_Data supplied:_
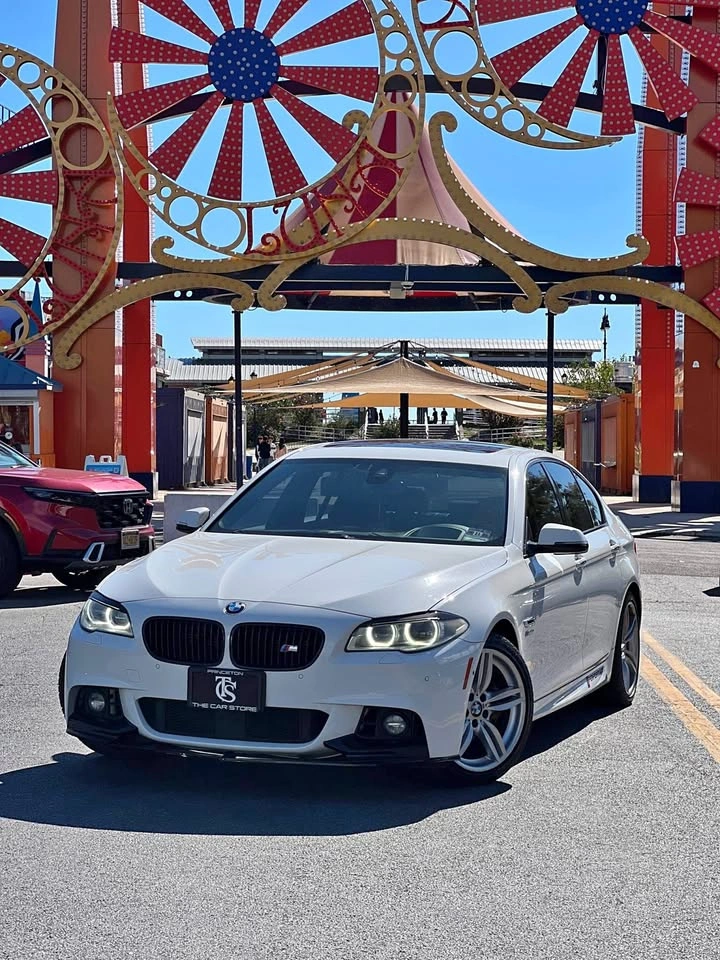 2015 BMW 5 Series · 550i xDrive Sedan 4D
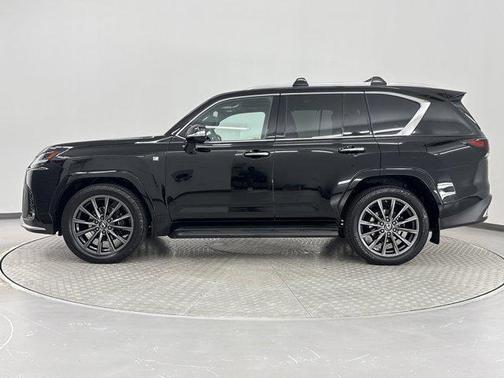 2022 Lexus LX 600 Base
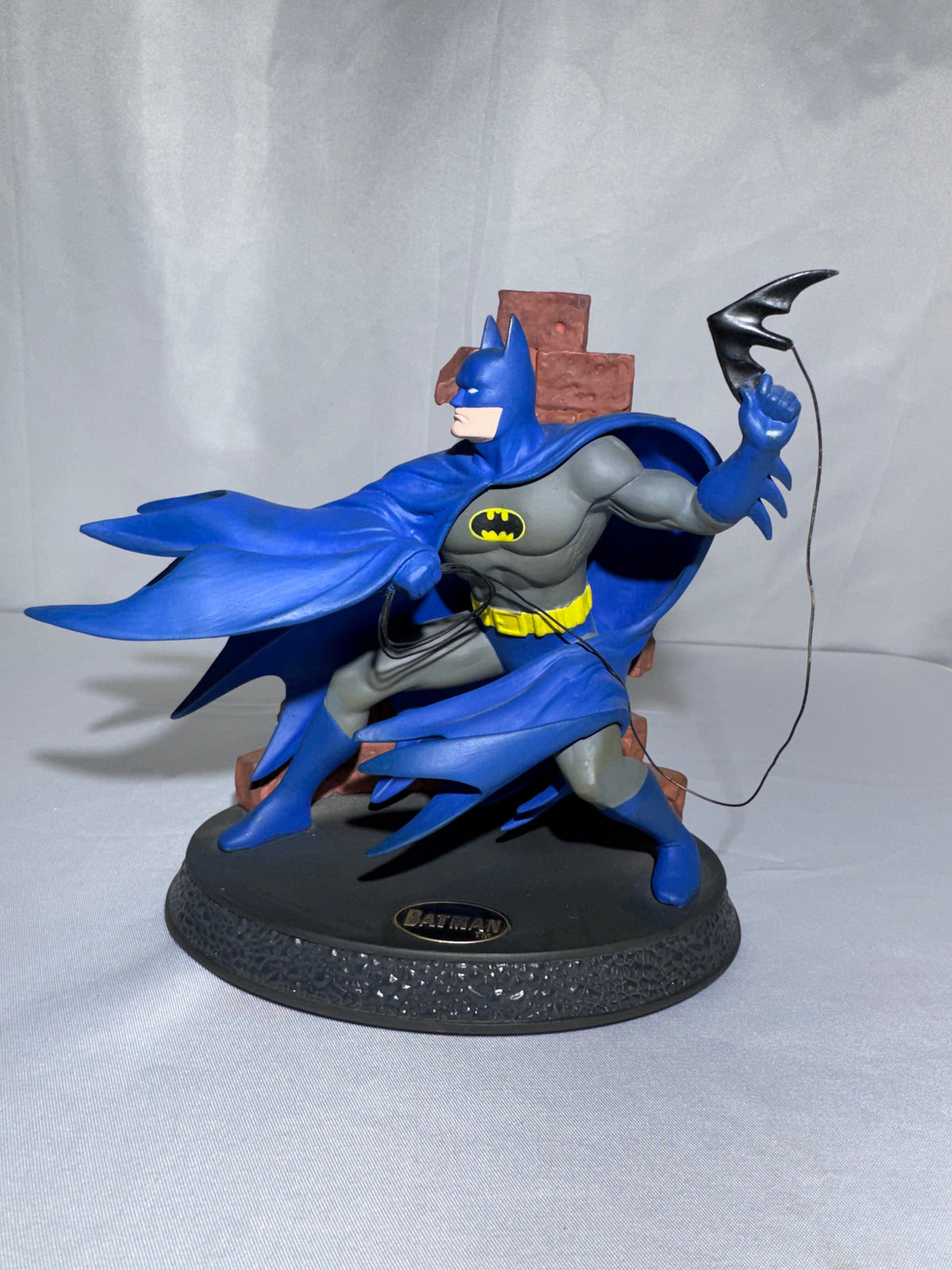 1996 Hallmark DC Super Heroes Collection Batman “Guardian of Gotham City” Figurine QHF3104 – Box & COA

...

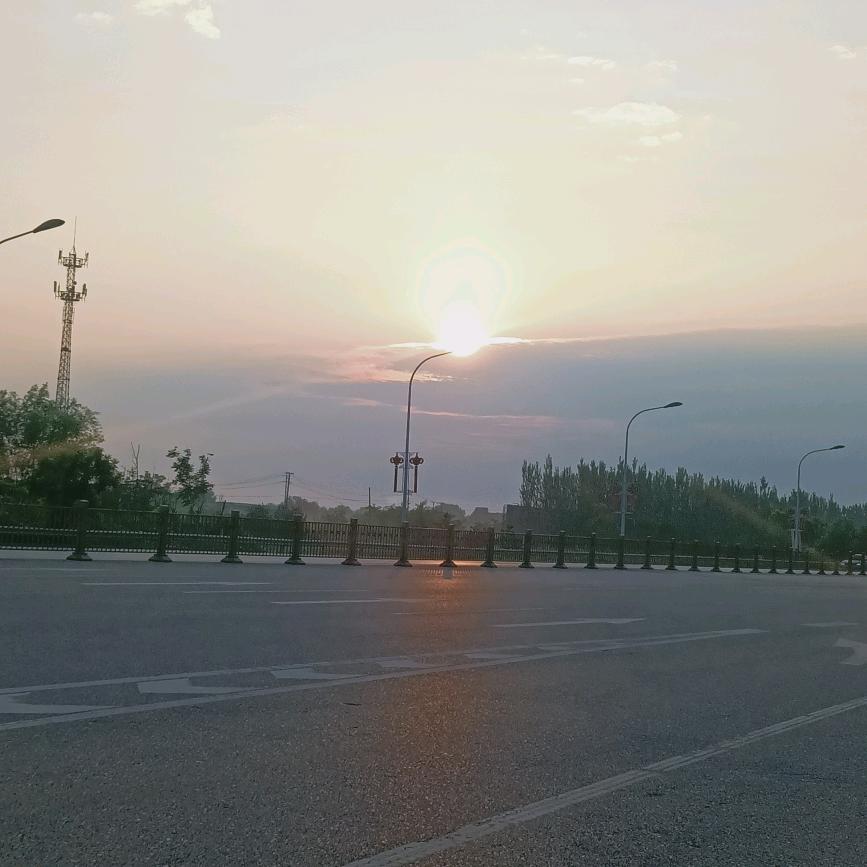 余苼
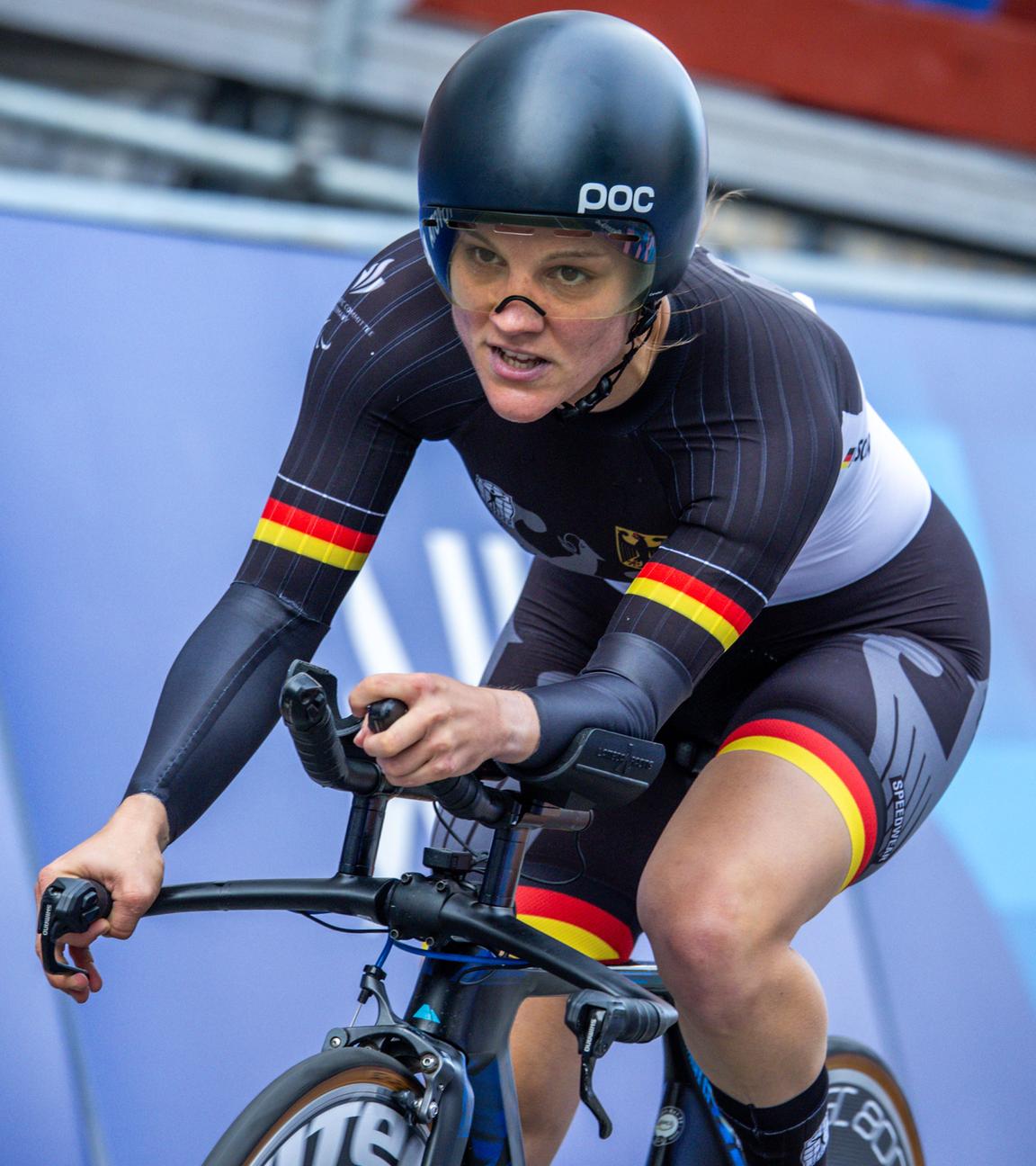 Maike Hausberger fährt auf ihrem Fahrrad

_Work order:_
Reproduce, exactly and only, the lines of the records above starting at the line with "2015 BMW 5 Series · 550i xDrive Sedan 4D" and ending at the line with "1996 Hallmark DC", both included. Leave every picture out.

_Response to the task:_
 2015 BMW 5 Series · 550i xDrive Sedan 4D
 2022 Lexus LX 600 Base
 1996 Hallmark DC Super Heroes Collection Batman “Guardian of Gotham City” Figurine QHF3104 – Box & COA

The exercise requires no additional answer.